YOUR ASSIGNMENT –
Please, without any pictures, set down exactly the part of the listing below that opens with the line containing "Have the arm" and closes with the line containing "Hello YouTube, Bear".

GIVEN RECORDS –
* * * * * * *

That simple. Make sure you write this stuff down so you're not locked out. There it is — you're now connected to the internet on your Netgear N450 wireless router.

* * * * * * *

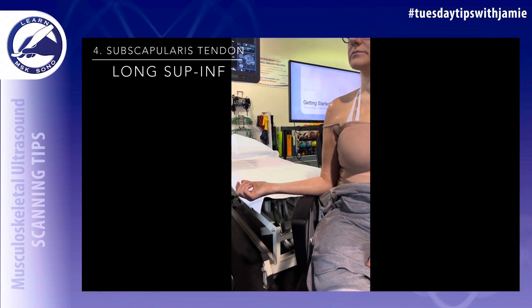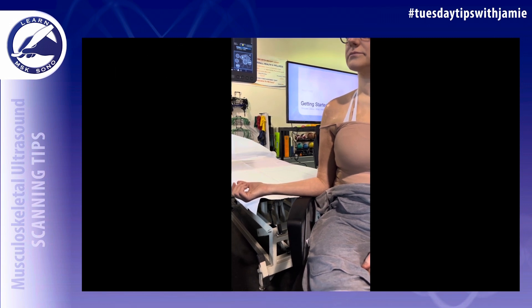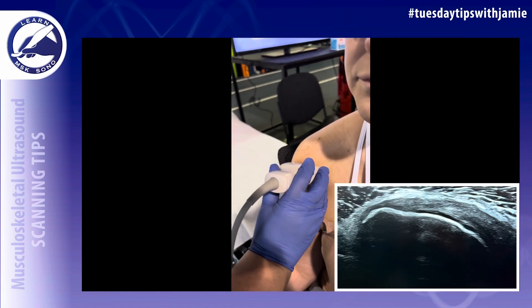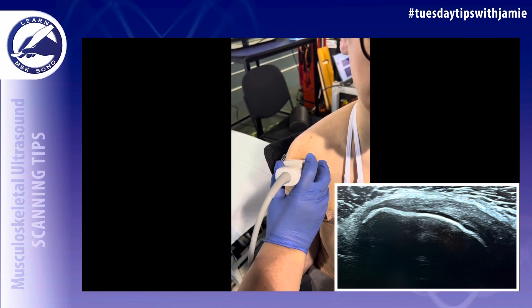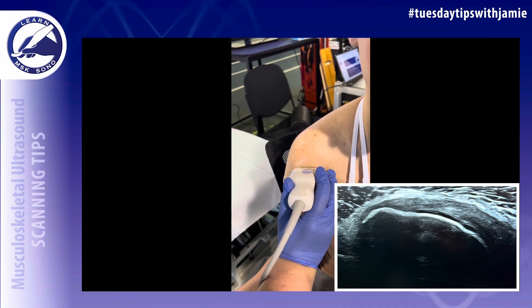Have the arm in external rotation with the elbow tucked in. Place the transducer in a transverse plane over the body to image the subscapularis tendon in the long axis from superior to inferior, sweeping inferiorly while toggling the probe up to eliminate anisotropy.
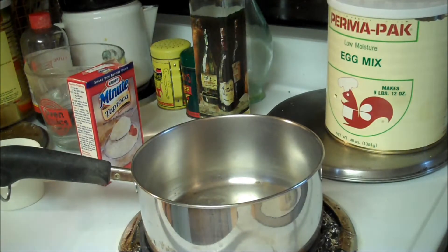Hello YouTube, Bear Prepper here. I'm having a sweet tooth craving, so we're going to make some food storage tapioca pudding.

* * * * * * *

RESPONSE AREA –
Have the arm in external rotation with the elbow tucked in. Place the transducer in a transverse plane over the body to image the subscapularis tendon in the long axis from superior to inferior, sweeping inferiorly while toggling the probe up to eliminate anisotropy.
Hello YouTube, Bear Prepper here. I'm having a sweet tooth craving, so we're going to make some food storage tapioca pudding.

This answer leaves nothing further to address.